DIRECTIONS: Could you retype every line below exactly, omitting the images?

DATA SHOWN:

────────────────────

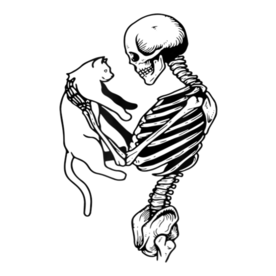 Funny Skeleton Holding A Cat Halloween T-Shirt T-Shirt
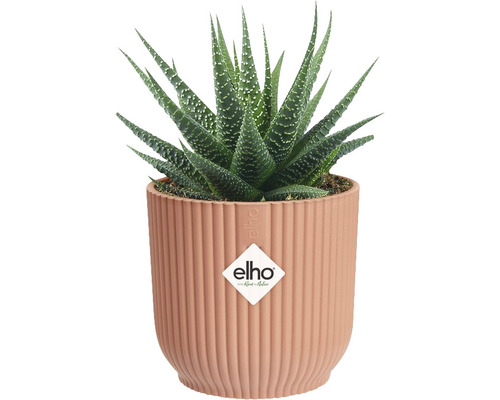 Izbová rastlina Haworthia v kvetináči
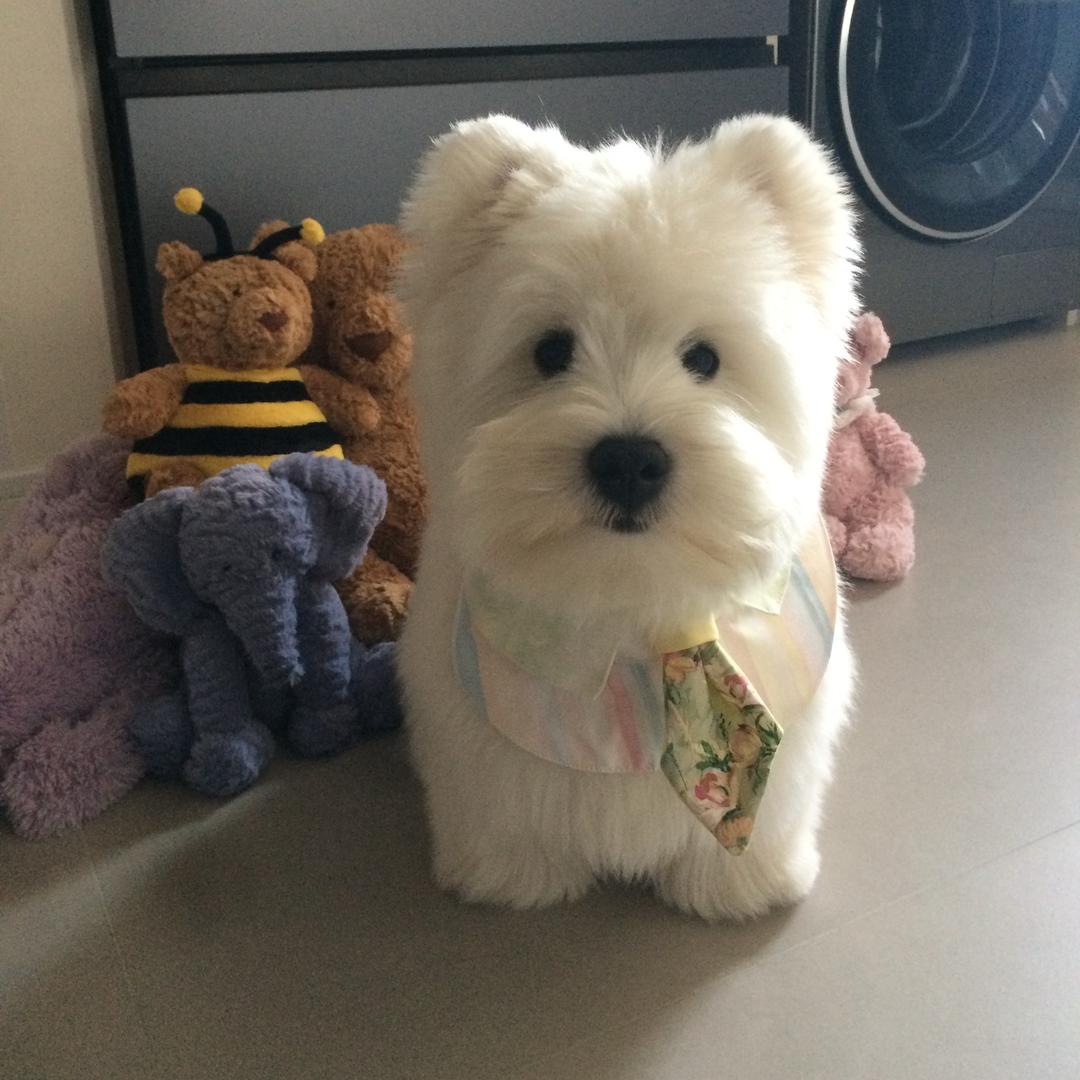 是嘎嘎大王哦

────────────────────

YOUR RESPONSE:
 Funny Skeleton Holding A Cat Halloween T-Shirt T-Shirt
 Izbová rastlina Haworthia v kvetináči
 是嘎嘎大王哦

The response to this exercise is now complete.